• [The task]: Write out, from the entries below, exactly the lines that run between the lines holding "Pink Brocade Potli bag" and "UGREEN 20000mAh 165W", inclusive, and stop there.

(Source records begins)

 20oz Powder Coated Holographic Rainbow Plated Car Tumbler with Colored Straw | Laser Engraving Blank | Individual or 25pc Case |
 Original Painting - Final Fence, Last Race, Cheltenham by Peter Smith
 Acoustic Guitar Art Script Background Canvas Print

(Source records ends)
(Source records begins)

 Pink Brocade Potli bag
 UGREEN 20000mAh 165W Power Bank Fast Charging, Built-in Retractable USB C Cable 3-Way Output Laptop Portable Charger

(Source records ends)

• [Solved exercise]:
 Pink Brocade Potli bag
 UGREEN 20000mAh 165W Power Bank Fast Charging, Built-in Retractable USB C Cable 3-Way Output Laptop Portable Charger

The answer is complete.